Les produits pharmaceutiques, cependant, ne sont pas les seuls agents qui peuvent induire des perturbations épigénétiques. Que vous soyez née par voie vaginale ou par  césarienne , allaitée au sein ou au biberon, élevée avec un animal domestique à la maison ou infectée par certaines maladies infantiles, tout influence votre expression épigénétique. Que vous soyez sédentaire, que vous priiez, que vous fumiez, que vous fassiez de la médiation, que vous fassiez du yoga, que vous disposiez d’un vaste réseau de soutien social ou que vous soyez aliéné de votre communauté, tous vos choix de mode de vie influent sur votre risque de maladie agissant par le biais de mécanismes épigénétiques.

En fait, les Centers for Disease Control (CDC) déclarent que la génétique ne représente que 10 % des maladies, les 90 % restants étant dus à des variables environnementales (2). Un article publié dans la  Public Library of Science One (PLoS One)  intitulé « Les facteurs génétiques ne sont pas les principales causes des  maladies chroniques » fait écho à ces affirmations, citant que les maladies chroniques ne sont que 16,4 % génétiques et 84,6 % environnementales (3). Ces concepts prennent tout leur sens à la lumière des recherches sur l’exposome, la mesure cumulative de toutes les agressions environnementales subies par un individu au cours de sa vie qui détermine la susceptibilité à la maladie (4)
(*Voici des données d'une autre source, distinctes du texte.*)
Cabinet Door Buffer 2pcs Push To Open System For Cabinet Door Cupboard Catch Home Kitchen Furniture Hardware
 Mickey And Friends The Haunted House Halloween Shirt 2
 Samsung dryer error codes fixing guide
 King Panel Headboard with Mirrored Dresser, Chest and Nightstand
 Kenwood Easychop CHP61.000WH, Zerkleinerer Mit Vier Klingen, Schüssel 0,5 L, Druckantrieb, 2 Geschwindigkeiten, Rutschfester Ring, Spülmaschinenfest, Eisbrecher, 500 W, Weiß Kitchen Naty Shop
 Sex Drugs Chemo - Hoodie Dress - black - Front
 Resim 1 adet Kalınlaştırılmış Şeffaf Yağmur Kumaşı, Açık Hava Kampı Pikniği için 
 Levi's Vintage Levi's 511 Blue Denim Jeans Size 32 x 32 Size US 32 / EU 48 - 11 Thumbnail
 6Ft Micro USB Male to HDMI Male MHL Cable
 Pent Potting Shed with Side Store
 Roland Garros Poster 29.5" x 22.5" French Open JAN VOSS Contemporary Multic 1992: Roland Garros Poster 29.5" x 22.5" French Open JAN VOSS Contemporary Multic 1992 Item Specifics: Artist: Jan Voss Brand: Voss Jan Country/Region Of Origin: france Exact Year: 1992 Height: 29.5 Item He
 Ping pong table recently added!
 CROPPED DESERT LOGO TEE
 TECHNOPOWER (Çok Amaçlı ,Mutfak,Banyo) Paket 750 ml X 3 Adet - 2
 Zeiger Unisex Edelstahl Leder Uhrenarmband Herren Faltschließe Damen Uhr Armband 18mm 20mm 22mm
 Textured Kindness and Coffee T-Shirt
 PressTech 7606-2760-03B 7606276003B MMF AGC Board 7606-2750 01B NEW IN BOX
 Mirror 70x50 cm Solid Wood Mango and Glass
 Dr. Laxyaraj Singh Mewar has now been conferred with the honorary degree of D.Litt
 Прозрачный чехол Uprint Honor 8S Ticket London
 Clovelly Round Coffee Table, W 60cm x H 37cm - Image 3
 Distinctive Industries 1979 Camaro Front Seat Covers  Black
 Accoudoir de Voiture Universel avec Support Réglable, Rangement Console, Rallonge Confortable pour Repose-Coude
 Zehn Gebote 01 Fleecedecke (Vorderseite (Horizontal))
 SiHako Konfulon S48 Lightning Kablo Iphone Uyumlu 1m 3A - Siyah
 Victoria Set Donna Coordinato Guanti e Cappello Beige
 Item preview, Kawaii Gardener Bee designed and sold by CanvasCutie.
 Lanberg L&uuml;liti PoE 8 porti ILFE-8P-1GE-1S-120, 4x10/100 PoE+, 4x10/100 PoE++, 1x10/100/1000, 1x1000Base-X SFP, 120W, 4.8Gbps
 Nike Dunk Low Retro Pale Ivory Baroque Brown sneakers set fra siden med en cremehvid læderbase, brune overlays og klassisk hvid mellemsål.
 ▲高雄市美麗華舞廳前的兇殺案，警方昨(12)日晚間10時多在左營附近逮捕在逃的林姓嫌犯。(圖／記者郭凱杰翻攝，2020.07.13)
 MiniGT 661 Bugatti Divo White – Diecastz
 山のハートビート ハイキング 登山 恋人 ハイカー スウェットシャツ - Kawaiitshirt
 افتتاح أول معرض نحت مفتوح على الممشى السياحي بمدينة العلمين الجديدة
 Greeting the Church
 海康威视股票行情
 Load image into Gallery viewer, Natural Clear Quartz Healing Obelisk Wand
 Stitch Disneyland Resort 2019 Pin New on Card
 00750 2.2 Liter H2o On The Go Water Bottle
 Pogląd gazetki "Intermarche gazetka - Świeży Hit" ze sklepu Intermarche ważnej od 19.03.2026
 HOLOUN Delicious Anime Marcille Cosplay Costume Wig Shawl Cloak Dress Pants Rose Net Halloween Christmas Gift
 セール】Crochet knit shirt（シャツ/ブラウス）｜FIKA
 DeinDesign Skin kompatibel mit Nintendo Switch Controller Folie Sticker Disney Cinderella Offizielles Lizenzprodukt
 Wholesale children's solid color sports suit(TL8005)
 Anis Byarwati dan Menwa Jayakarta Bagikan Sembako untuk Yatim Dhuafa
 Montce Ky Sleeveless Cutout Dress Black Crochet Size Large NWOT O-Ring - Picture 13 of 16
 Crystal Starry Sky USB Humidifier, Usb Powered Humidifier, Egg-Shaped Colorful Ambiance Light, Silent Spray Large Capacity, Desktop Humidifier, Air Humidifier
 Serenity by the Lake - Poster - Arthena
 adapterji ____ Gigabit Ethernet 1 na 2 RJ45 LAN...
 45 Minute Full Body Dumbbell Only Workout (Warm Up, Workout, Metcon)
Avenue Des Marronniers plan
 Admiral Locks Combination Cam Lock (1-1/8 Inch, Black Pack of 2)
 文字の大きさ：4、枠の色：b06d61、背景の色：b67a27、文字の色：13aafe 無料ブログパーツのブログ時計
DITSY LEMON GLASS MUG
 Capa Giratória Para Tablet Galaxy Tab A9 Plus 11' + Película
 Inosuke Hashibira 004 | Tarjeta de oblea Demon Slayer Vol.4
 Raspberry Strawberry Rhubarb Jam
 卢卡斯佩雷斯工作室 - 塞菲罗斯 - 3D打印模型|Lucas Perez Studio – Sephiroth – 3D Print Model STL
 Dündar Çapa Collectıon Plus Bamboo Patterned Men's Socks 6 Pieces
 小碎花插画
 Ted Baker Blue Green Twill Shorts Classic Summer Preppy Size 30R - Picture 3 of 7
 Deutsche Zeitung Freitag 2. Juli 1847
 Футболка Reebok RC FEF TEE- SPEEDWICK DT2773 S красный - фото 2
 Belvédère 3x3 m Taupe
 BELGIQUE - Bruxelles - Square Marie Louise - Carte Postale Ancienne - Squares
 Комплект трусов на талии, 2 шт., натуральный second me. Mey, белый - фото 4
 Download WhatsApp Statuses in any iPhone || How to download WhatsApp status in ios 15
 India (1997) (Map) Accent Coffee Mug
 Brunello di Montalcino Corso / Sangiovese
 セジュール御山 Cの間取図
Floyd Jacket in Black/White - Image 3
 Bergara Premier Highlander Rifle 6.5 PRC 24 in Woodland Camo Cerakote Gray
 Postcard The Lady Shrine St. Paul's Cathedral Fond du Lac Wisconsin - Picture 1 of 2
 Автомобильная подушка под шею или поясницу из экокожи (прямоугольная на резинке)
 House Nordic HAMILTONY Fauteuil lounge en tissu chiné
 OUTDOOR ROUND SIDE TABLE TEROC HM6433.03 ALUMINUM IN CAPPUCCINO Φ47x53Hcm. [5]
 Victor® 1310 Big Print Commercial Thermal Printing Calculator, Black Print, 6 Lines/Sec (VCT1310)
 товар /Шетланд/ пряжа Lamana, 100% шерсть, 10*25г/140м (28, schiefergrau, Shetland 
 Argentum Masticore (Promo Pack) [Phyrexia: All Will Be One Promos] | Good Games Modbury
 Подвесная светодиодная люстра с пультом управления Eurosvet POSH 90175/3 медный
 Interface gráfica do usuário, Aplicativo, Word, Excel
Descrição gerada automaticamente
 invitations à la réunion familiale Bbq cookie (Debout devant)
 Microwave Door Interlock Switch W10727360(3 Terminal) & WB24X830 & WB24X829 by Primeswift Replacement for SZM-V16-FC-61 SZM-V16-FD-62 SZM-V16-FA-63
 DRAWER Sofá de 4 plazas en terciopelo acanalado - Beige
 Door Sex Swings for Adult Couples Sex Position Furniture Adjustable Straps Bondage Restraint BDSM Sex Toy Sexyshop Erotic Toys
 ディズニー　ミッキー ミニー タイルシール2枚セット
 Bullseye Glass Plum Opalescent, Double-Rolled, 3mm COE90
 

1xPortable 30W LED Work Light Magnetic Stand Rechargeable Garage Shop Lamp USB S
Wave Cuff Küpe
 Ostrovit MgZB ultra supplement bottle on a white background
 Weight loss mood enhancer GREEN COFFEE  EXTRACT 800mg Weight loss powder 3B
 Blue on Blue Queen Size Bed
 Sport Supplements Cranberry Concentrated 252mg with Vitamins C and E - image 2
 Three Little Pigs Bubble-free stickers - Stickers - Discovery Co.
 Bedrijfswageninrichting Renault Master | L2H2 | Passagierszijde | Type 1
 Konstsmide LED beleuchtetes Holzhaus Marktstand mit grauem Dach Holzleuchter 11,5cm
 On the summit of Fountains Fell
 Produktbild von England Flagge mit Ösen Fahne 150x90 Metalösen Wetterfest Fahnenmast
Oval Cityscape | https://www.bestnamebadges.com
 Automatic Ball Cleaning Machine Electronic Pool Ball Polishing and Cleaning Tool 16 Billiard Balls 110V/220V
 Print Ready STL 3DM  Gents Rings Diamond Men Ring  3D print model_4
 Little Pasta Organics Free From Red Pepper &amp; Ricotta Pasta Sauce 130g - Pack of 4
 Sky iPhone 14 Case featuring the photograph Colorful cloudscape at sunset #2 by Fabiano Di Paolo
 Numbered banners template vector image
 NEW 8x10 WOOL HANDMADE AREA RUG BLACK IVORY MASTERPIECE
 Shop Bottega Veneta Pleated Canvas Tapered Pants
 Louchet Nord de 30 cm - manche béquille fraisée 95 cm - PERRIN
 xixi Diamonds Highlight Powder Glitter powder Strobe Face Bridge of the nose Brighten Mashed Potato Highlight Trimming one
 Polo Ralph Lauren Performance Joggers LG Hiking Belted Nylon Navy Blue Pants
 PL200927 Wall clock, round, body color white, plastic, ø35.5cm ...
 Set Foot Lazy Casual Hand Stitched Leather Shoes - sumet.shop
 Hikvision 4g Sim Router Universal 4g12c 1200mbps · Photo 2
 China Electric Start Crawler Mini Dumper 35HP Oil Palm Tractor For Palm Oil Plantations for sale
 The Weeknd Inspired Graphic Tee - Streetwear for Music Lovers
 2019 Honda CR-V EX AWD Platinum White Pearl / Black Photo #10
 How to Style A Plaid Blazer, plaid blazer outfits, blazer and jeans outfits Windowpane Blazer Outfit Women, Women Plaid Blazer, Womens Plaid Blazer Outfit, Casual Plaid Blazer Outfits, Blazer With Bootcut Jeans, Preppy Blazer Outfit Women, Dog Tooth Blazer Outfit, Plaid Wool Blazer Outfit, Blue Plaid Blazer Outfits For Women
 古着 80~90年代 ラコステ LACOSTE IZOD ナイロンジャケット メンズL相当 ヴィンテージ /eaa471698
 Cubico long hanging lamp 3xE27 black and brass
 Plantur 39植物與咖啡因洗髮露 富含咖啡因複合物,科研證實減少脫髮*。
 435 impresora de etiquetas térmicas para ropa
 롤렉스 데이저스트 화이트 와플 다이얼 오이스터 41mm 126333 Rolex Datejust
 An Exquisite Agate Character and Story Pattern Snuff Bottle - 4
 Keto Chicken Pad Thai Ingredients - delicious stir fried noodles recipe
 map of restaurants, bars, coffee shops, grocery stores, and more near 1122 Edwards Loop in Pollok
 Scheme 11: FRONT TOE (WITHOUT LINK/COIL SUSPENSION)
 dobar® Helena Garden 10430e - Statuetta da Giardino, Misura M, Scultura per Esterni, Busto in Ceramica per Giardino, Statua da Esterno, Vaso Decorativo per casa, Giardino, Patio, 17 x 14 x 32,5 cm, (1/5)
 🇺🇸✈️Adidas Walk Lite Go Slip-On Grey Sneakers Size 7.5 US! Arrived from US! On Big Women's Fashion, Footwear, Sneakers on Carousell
Les perturbateurs endocriniens déclenchent l’infertilité chez les générations futures

Les scientifiques spéculaient autrefois que les changements épigénétiques disparaissent à chaque nouvelle génération pendant la gamétogenèse, la formation des spermatozoïdes et des ovules et après la fécondation. Cependant, cette théorie a d’abord été contestée par des recherches publiées dans la revue  Science  qui ont démontré qu’une exposition transitoire de rats gravides à l’insecticide méthoxychlore, un composé œstrogénique, ou au fongicide vinclozoline, un composé antiandrogène, entraînait une augmentation de l’incidence de l’ infertilité masculine   et une diminution des spermatozoïdes.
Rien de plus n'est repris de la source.